Zinc is an essential trace element obtained from the diet that regulates the expression of many biological molecules and activation of signalling pathways. Zinc deficiency affects up to 2 billion people worldwide and has profound effects on immune and neurological system functions[1]. In the central nerves system zinc is one of the most abundant oligoelements, involves in the balance of excitatory and inhibitory signals of synapse[2]. During neuronal activity, zinc is released in the form of free ionic (Zn2+) from synaptic vesicles. Maintaining the homeostasis of zinc is thus essential for the physiological function of the brain[3]. Excessive zinc in the extracellular fluid has been shown to increase neurotoxicity, induce mitochondrial dysfunction, and oxidative stress. Abnormal increase in the levels of metal ions including Zn2+, have been found in Aβ, form Aβ–Zn complexes[4], which results in a loss of zinc modulatory activity and cognitive deficits in animal models of Alzheimer’s disease (AD)[5].

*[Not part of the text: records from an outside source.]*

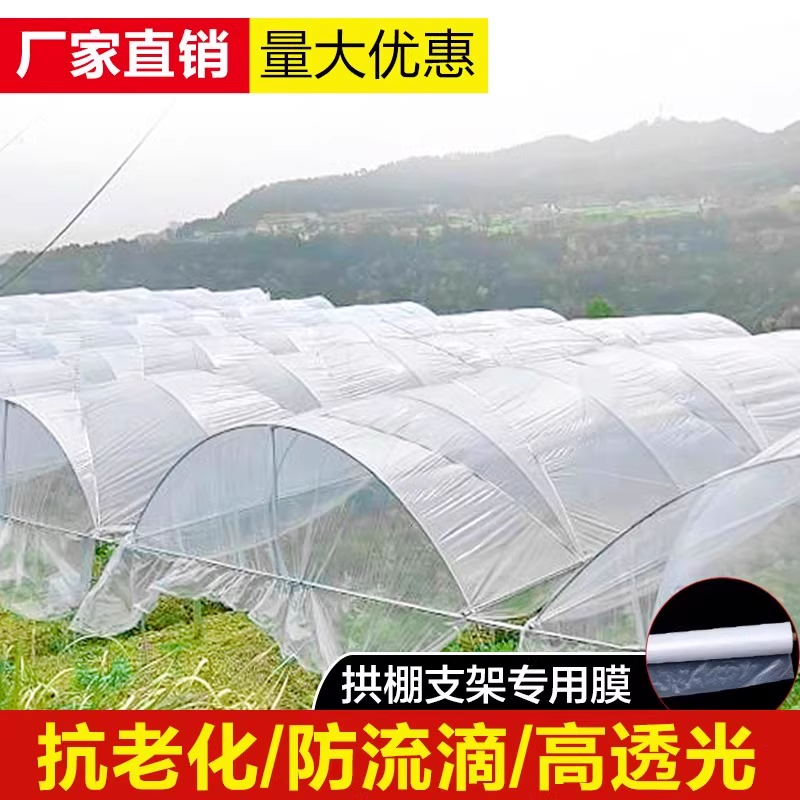 小拱棚膜拱棚塑料布农用薄膜透明保温防冻蔬菜苗圃适用厂家直销,农机/农具/农膜,农用薄膜,淘宝优惠券,粉丝福利购,淘宝优惠卷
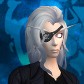 Bunnyvelfine portrait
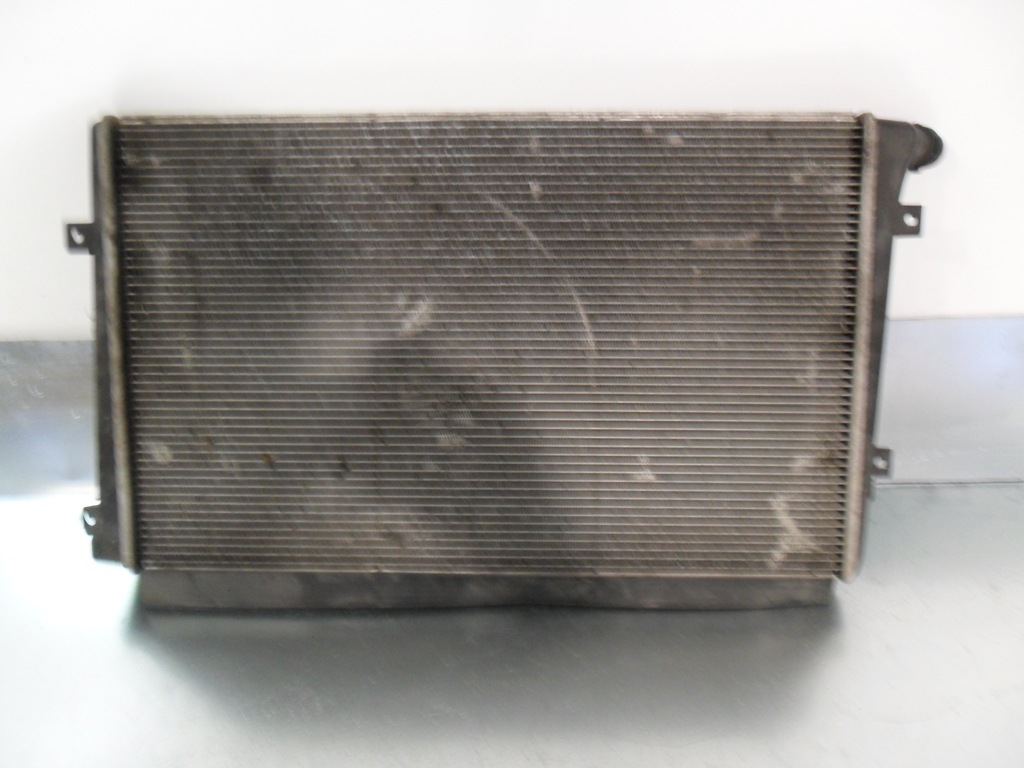 фото №9, Радіатор wody vw audi skoda 1k0121251ak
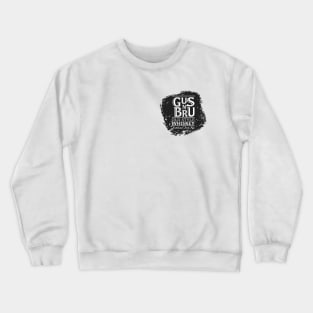 GUS N BREW Whiskey Crewneck Sweatshirt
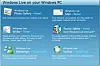 Microsoft de-betas (part of) Windows Live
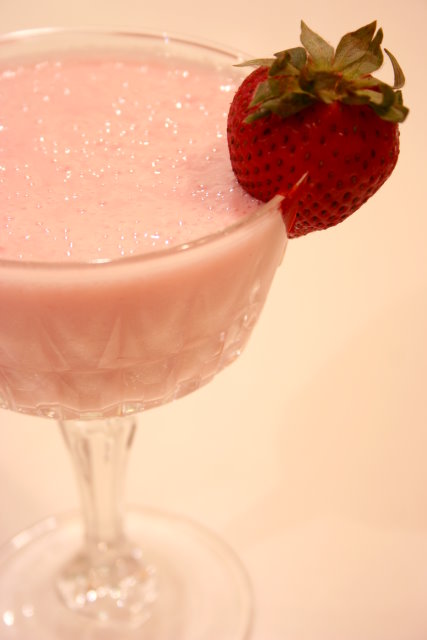 Strawberry Smoothie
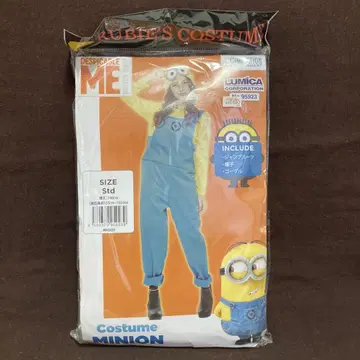 미니언 코스튬 MINION Costume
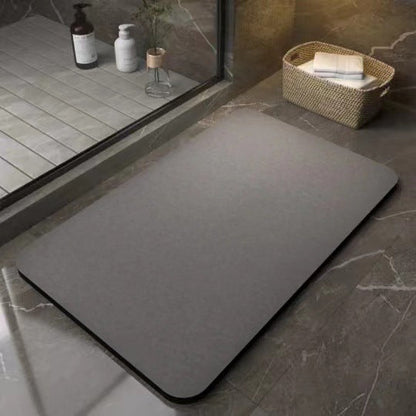 Soft Textured Bathroom Mat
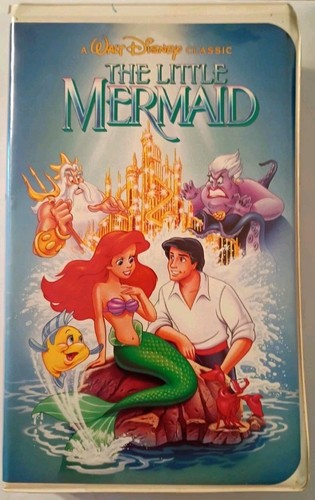 The little mermaid banned - the,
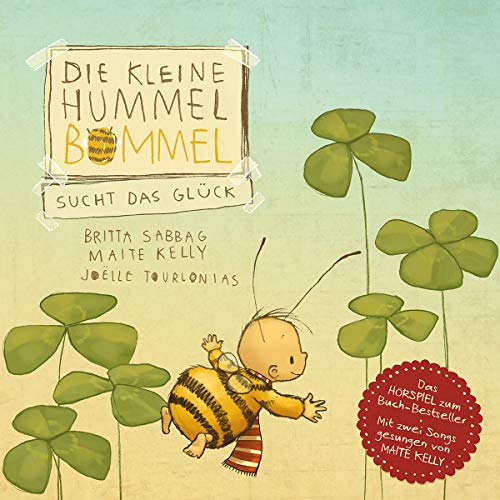 Die Kleine Hummel Bommel Sucht Das Glück
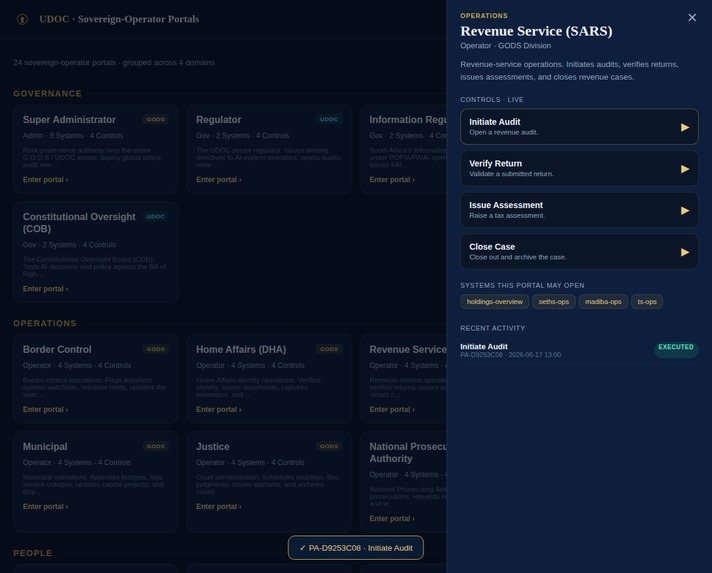 Good Orderly Directional Systems – screenshot 12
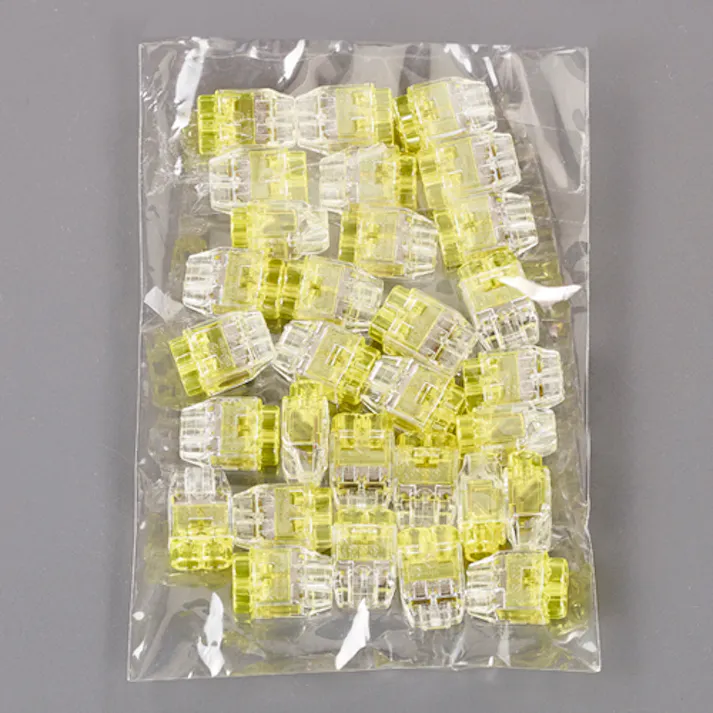 差込形電線コネクター(2線用/30個) EA538PC-2 4550061507193【別送品】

In addition, zinc accumulation has been shown to cause mitochondrial dysfunction and oxidative stress in AD[6, 7] as well as in ischemic stroke models[8, 9]. Mitochondrial Zn2+ accumulation is a possible trigger of hippocampal ischemic injury[8]. The synergistic interaction between Zn2+ and reactive oxygen species (ROS) has been shown to amplify the ischemic brain injury in rodent model[9] through direct ROS generation or through, mitochondrial Ca2+ uniporter[10]. Recent study indicates that zinc status introduce through Inflammation through NLRP3-mediated pathway[11].
Emodin, an anthraquinone derivative, is a major active ingredient of many herbs including Rheum palmatum, Polygonum cuspidatum, Aloe Vera, and Cassia obtusifolia etc[12]. Emodin shows neuroprotective, anti-inflammatory effects in animal models of cerebral ischemia stroke, traumatic brain injury, AD, and Parkinson’s disease[13–15]. Different signaling pathways have been reported that mediate the effect of emodin such as the Nrf2, Phosphatidylinositol 3-Kinase/Beclin-1/B-Cell Lymphoma 2, and AMP-activated protein kinase signaling pathway[16–18]. Previous studies from our and other groups have reported that emodin demonstrates neuroprotective effect, and can inhibit the neurotoxic effect of NaF on SH-SY5Y cells via reducing reactive oxygen substrates (ROS) overproduction and oxidative stress [19].the underlying mechanism of emodin remains to be elucidated.
The Extracellular signal-regulated kinase 1/2 (ERK1/2) is activated by neurotrophins and other chemicals an plays an important role in differentiation, survival, structural plasticity, and long-term potentiation of neurons, as well as memory formation in animal models[20]; Emerging evident suggest that ERK1/2 signal pathway is implicated in a number of neurodegenerative diseases with oxidative stress[21]. Aberrant accumulation of activated ERK1/2 in neurons has been reported in AD brains[22, 23]. Here, we hypothesized that emodin can protect against neurotoxicity induced by pathological concentrations of zinc via ERK1/2 signaling pathway, and alleviate the oxidative stress and mitochondria dysfunction. We exposed human neuroblastoma SH-SY5Y cells to high dose of zinc sulfate, and assessed the effect of emodin on attenuating synaptic impairment, mitochondria function and oxidative stress damage.